I 100 anni di Malvestuto: «Giovani, amate la libertà»

17 Aprile 2021

La festa dell’ultimo ufficiale della Brigata Maiella a 7 giorni dal 25 aprile

SULMONA. Un secolo di storia. Cento anni vissuti intensamente, con passione, coraggio e voglia di testimoniare.
Un secolo di vita dedicato alla libertà e a quei valori solidali e unici che ne hanno fatto uno dei testimoni più emblematici delle giornate della Resistenza che regalarono all’Italia e agli italiani il sogno di essere liberi dall'oppressore straniero. Oggi, Gilberto Malvestuto, ultimo ufficiale vivente della formazione partigiana Brigata Maiella, spegnerà 100 candeline. Lo farà nella Casa di riposo di Sulmona dove è ospite da qualche anno, lontano dai suoi cari che non potranno accarezzarlo in questo giorno così importante per via della pandemia.
«Non potremo entrare nella struttura ma saremo fuori a fargli sentire la nostra voce e la nostra presenza e il nostro amore», annunciano il figlio Sandro e la figlia Mirella. L’emergenza sanitaria renderà impossibili i festeggiamenti che una simile ricorrenza avrebbe meritato, ma non impedisce di rendere il dovuto e sentito omaggio al più anziano reduce della Brigata Maiella, unica formazione partigiana decorata di medaglia d’oro al valor militare e alla bandiera.
Tenente, compie cento anni, traguardo prezioso per la vita di un uomo. Per lei cosa significa?
«Provo tanta amarezza perché sono pienamente consapevole di avere la mia vita ormai alle spalle».
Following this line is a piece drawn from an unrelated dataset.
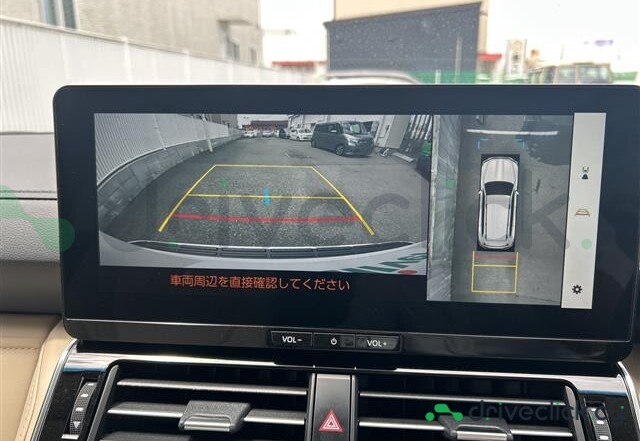 Toyota Land Cruiser 300 White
Ha attraversato un secolo e vissuto da protagonista gli eventi che hanno portato alla liberazione del nostro Paese: se dovesse sintetizzarlo in due momenti storici, il più difficili e il più bello, quali sceglierebbe?
«L’evento storico per me più difficile è stato senz’altro l’armistizio dell’8 settembre 1943. Ero stato appena nominato sottotenente e inviato a Montepulciano Scalo per il servizio di prima nomina. Qui l’8 settembre, siccome non c’erano ordini superiori, trascorsi alcuni giorni in allarme e poi ottenni l’autorizzazione a lasciare la caserma per pormi in salvo. Abbandonai l’uniforme di Ufficiale dell’Esercito italiano presso una abitazione privata e a piedi iniziai la via del ritorno a casa cercando di evitare l’incontro con le pattuglie tedesche. A Sulmona mi diedi alla clandestinità e riuscii a sfuggire alle numerose retate.
 L’evento storico per me più bello è stato senz’altro la liberazione di Bologna all’alba del 21 aprile 1945. Ne ho un ricordo nitido: la folla assiepata lungo via Rizzoli, in via Indipendenza e in tutte le altre che mi sono rimaste nel cuore, come il bacio di una ragazza che mi disse: “Grazie, tenente!”.
Lei è stato ed è uomo e testimone di libertà e di Resistenza, in nome della patria. Quale significato hanno per lei queste parole e questi ideali oggi? Sono ancora attuali?
«Sono parole che non perdono mai di significato. Patria viene dal latino e significa che dobbiamo appartenere tutti alla stessa comunità, mentre libertà significa vivere senza costrizioni e io sono sempre stato uno spirito libero».
Ha incontrato uomini importanti, Capi di Stato, e ricevuto importanti onorificenze come Ufficiale della Brigata Maiella. C’è una persona o un riconoscimento a cui è particolarmente legato?
«Un incontro emozionante è stato quello con il presidente Sandro Pertini, ma sicuramente la persona a cui sono particolarmente legato», ricorda con commozione, «è stato il mio comandante Ettore Troilo. Per me è stato come un padre».
I giorni che stiamo vivendo da oltre un anno a questa parte a causa della pandemia da Covid-19 rappresentano una dura prova per tutta l’umanità, come già la guerra. Condivide l’idea di chi ritiene quella che stiamo vivendo una nuova guerra?
«La guerra è un’altra cosa che chi non ha vissuto non può capire. Comunque questo virus ci ha stravolto la vita e ci ha privato delle nostre libertà. Soprattutto mi ha separato dai miei familiari che amo tantissimo. Anche il giorno del mio compleanno non potrò essere con loro come avrei voluto».
Il suo rapporto con le giovani generazioni è sempre stato molto sentito e intenso. Si sente di dare loro un messaggio, anche in questo momento così difficile?
«Dobbiamo cominciare a domandarci dove porta e quando si fermerà questa mutazione in corso del nostro Paese che dopo aver travolto il linguaggio e la coscienza civica sta attaccando lo spirito di convivenza fino ad alterare il carattere collettivo degli italiani in un’inversione morale della democrazia. Ai giovani dico Amate la libertà... sempre e comunque».